For that kind of money you'd think they could at least include a picture of the whole bike.


----------



## sqrly (Jul 3, 2013)

Im sure he is just trying to offset the ebay and paypal fee's.


----------



## bricycle (Jul 3, 2013)

sqrly said:


> Im sure he is just trying to offset the ebay and paypal fee's.

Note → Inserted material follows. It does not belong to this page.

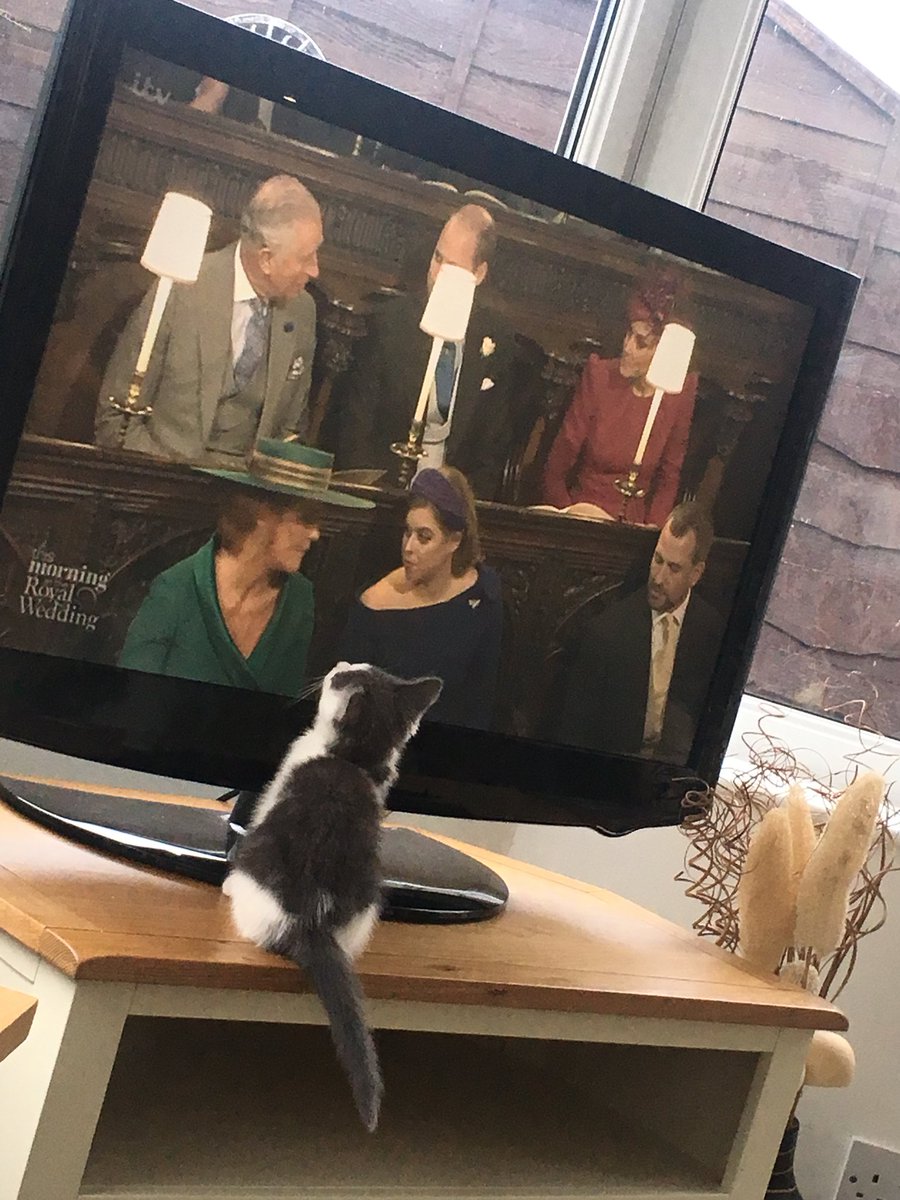 When your #kitten is clearly a fan of the #royalfamily and wants to watch the #RoyalWedding2018 close up! #CatsOfTwitter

Not by over 43,000.00 he ain't....


----------



## ridingtoy (Jul 3, 2013)

At least the seller is helping out with offering free shipping.  Though for $45,000, I'd only trust myself to go pick it up and carry it home!

Dave


----------



## sqrly (Jul 3, 2013)

He should bump up the price 200 grand and maybe it will get better exposure on yahoo news.


----------



## bricycle (Jul 3, 2013)

sqrly said:


> He should bump up the price 200 grand and maybe it will get better exposure on yahoo news.




Now THAT"S funny!!!!!


----------



## bricycle (Jul 3, 2013)

For $45k you could have a pretty good selection of restored muscle car!!!!!


----------



## bricycle (Jul 3, 2013)

with the recession, you actually can pick up a 3 bedroom home for $50k.....


----------



## sqrly (Jul 3, 2013)

I normally ask one million dollars for most things I sell... but alas, I settle for under a hundred lousy bucks.


----------



## catfish (Jul 3, 2013)

Maybe we should all make him a low ball offer on ebay.......


----------



## Davy Sprockett (Jul 4, 2013)

*Give me a brake*



Bicycle Belle said:


> This is gorgeous and I've always loved this style of bike but $45,000???
> http://www.ebay.com/itm/Rare-1939-R...ultDomain_0&hash=item2c70588deb#ht_4772wt_883




I am really tired of seeing this listing...I think it's been on e-bay for over a year. He should take it to Copake...he's not even that far.


----------



## Sped Man (Jul 9, 2013)

catfish said:


> Maybe we should all make him a low ball offer on ebay.......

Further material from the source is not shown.